- Opening Delimiter -

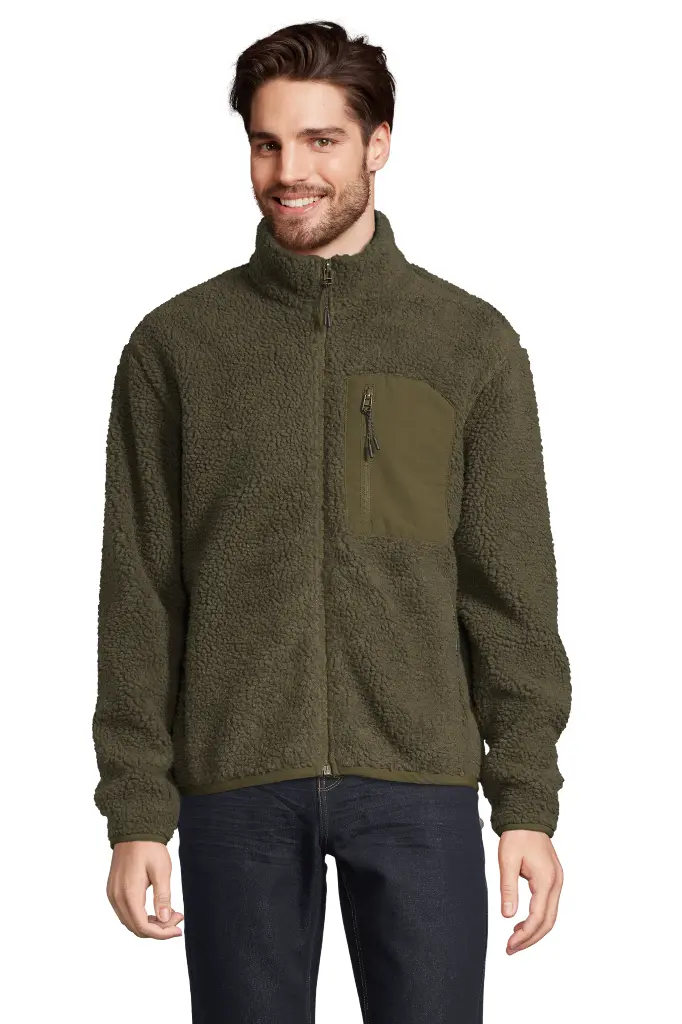 Kurtka Sherpa Unisex z Kontrastowymi Wstawkami - Army & Dark Army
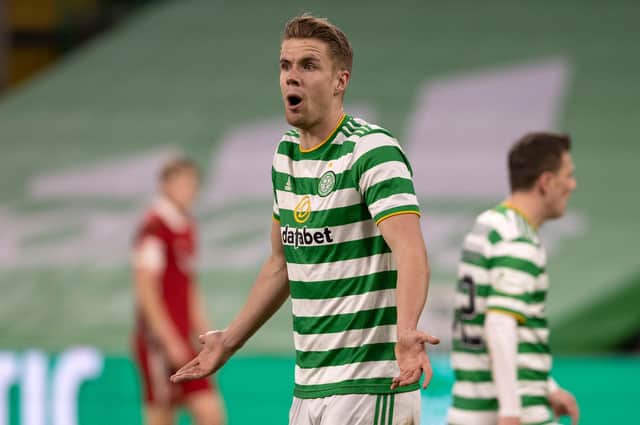 Kristoffer Ajer in action for Celtic during the 1-0 win over Aberdeen on Saturday (Photo by Alan Harvey / SNS Group)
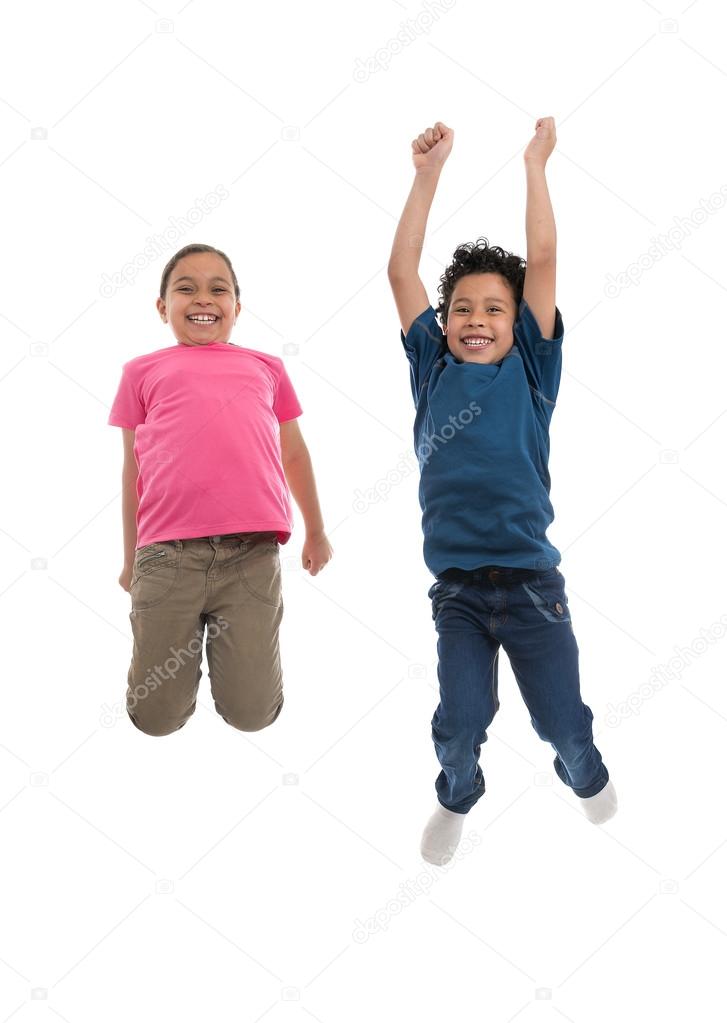 Active Joyful Children Jumping with Joy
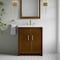 James Martin Vanities Bellshire 30" Single Vanity, Honey Oak w/ 3 CM White Zeus Silestone Top 660-V30-HNO-3WZ - alternate 2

- Closing Delimiter -

(To do)
Would you please copy the listing exactly, omitting every picture?

(Result of this task)
 Kurtka Sherpa Unisex z Kontrastowymi Wstawkami - Army & Dark Army
 Kristoffer Ajer in action for Celtic during the 1-0 win over Aberdeen on Saturday (Photo by Alan Harvey / SNS Group)
 Active Joyful Children Jumping with Joy
 James Martin Vanities Bellshire 30" Single Vanity, Honey Oak w/ 3 CM White Zeus Silestone Top 660-V30-HNO-3WZ - alternate 2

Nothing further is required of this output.